Rep. Lamborn will contest electoral votes in Congress

By: - January 4, 2021 3:31 pm

A view of the U.S. Capitol in February 2010. (Architect of the Capitol)

Rep. Doug Lamborn said on Monday that he plans to object to presidential electoral votes when Congress convenes this week to certify results.

The Colorado Springs representative was the last of three Republicans in the Colorado House delegation to state how they plan to respond during the counting of electoral votes — freshman Rep. Lauren Boebert, from the 3rd District, was the first, when she announced on Christmas Eve she planned to object, and Rep. Ken Buck, from the 4th District, signed a Jan. 3 letter with six other House Republicans stating they opposed the effort to object to electoral votes. It “would amount to stealing power from the people and the states,” Buck’s letter said.

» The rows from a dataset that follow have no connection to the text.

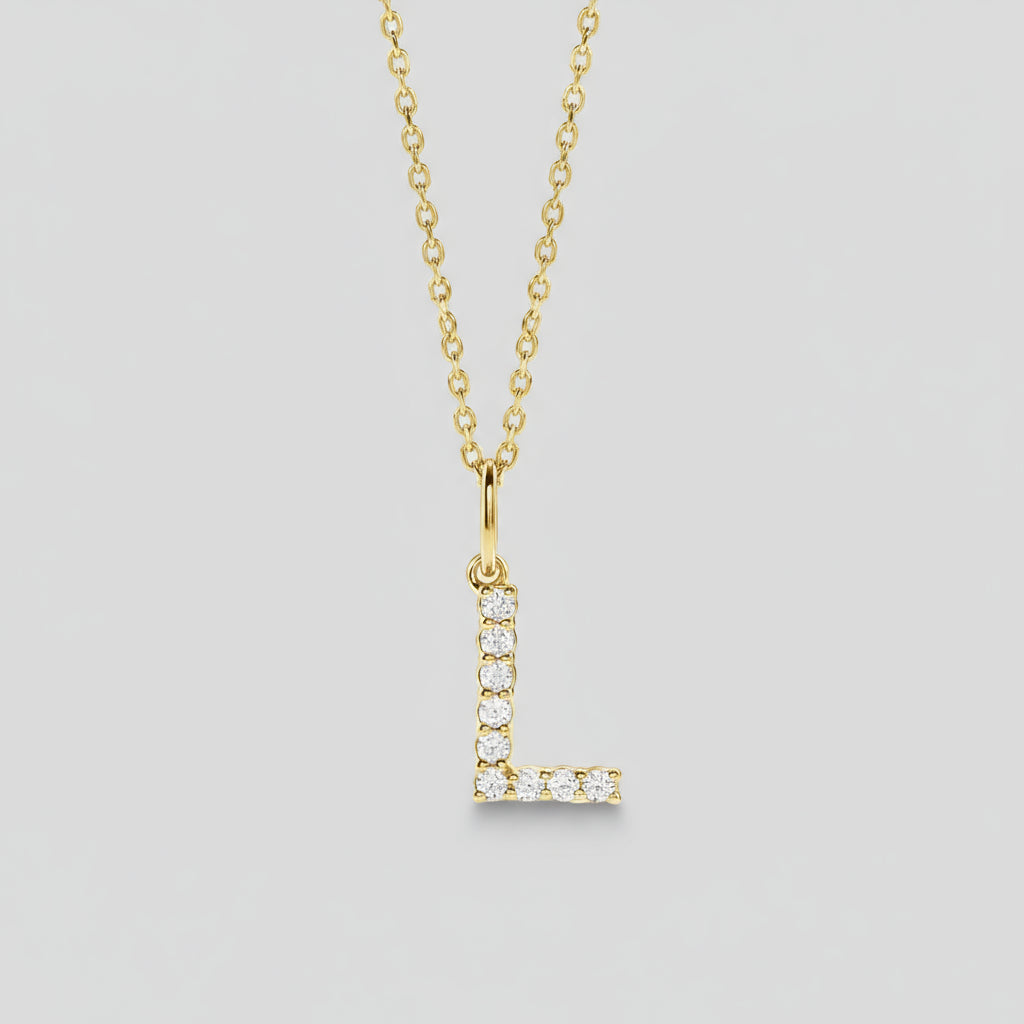 Lab Grown Diamond Letter "L" Initial Pendant 14K Yellow Gold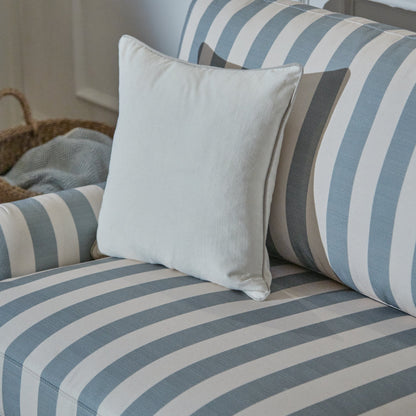 Brea Footstool - Blue Stripe with Whitewash Legs - Laura James - Laura James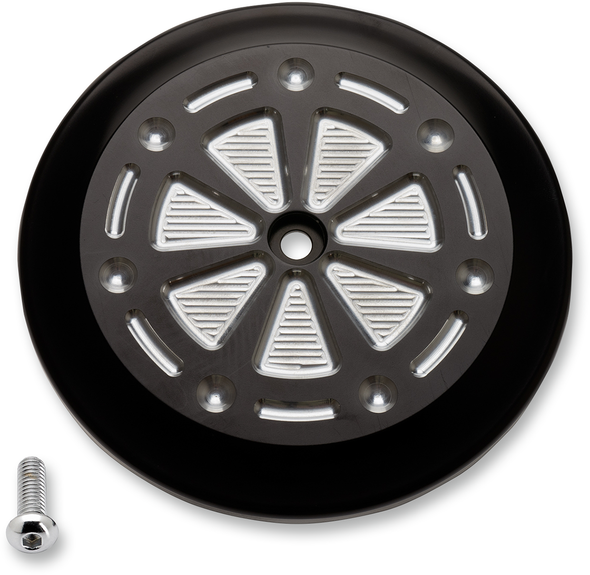 JOKER MACHINE Techno Air Cleaner Cover - Black/Silver 02-223-2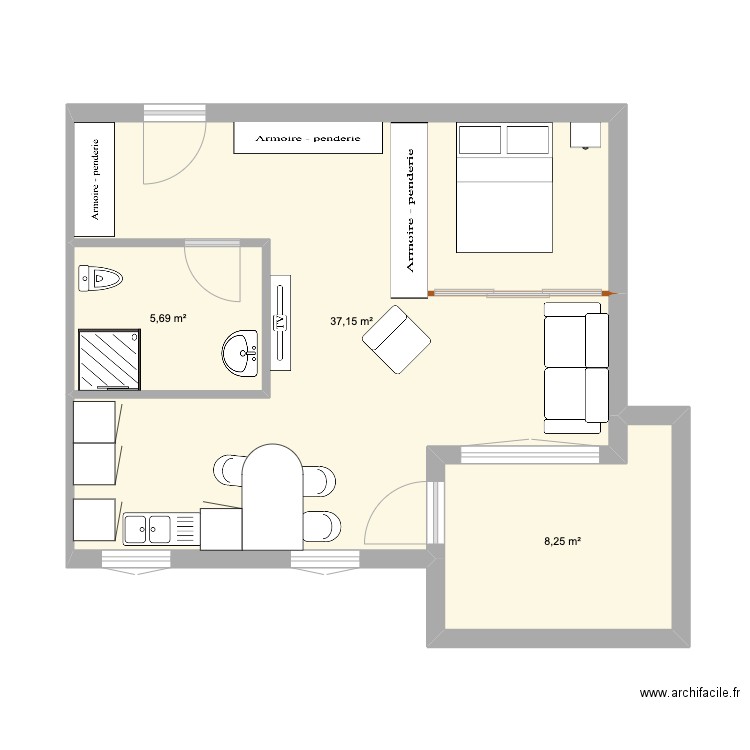 appt martin 5. Plan de 3 pièces et 51 m2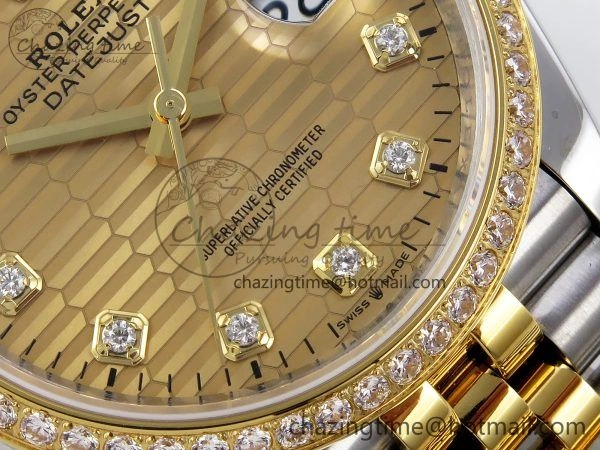 DateJust 36 SS 126283rbr VSF 1:1 Best Edition 904L Steel YG Textured Diamonds Dial on Jubilee Bracelet VS Packable 1379
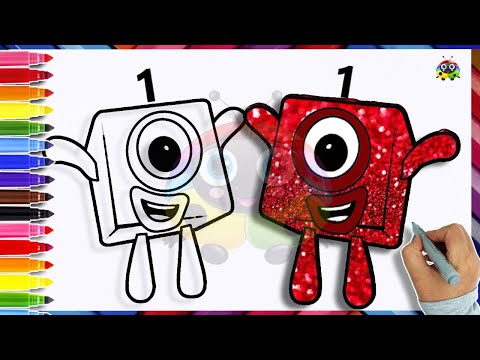(Numberblocks)How To Draw NUMBERBLOCK 1|Learn Numberblocks Drawing & Coloring Glitter Tutorials Easy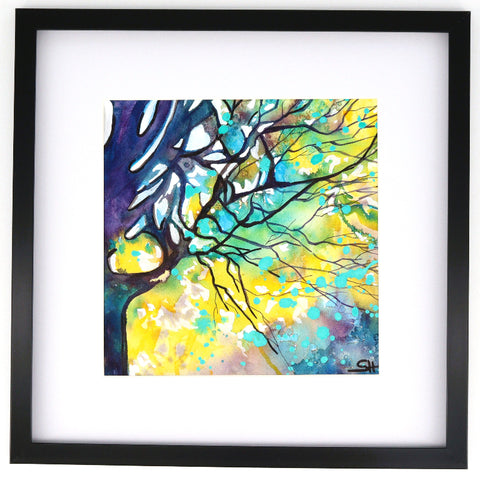 Framed Original 12" x 12" Landscape Watercolour Paintings by Sabine Hahnel Magic Twisted Tree - Arts and Heritage St. Albert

Rep. Doug Lamborn represents Colorado’s 5th District in the U.S. House. (

Some supporters of President Donald Trump have said objections to electoral votes are necessary if only to restore faith for Americans that the Nov. 3 election, won by President-elect Joe Biden, was fair. Lamborn, however, appeared to affirm the charge that the election was not to be trusted.

“The serious irregularities and improprieties marring the 2020 general election threaten America’s’ confidence in our election system,” he said in a Jan. 4 statement. “My constituents deserve to know that the 2020 election was free of fraud, which is why on January 6th, I will object to certifying the Electoral College votes of Arizona, Georgia, Pennsylvania, Wisconsin, Nevada, and Michigan.” He referred to six states that have been among the most prominent targets of Trump supporters who claim without credible evidence that the election was stolen.

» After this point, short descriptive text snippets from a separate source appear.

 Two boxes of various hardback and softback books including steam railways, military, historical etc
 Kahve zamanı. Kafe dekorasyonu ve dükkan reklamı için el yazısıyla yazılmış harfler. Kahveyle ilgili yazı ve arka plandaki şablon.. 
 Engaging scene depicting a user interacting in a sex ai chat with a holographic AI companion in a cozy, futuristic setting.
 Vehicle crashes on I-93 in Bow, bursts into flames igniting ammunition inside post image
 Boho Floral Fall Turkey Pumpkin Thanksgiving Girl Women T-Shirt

The new Congress on Jan. 6 is scheduled to meet in a joint session to count votes from the Electoral College. Electors in the various states cast their votes, based on results from the Nov. 3 general election, on Dec. 14, making Joe Biden the winner of the presidential race. If at least one member of the House and one member of the Senate objects to any state’s Electoral College votes, the objection is considered and voted on in each chamber separately. The objection is upheld only if both the House and Senate vote in favor of it.

At least 140 U.S. House Republicans reportedly plan to object to Electoral College results, and at least 12 Senate Republicans are on record saying they’ll do the same. Many congressional observers expect efforts to overturn Biden’s win to fail, because Democrats control the House and a number of Senate Republicans have already publicly recognized Biden as the election winner.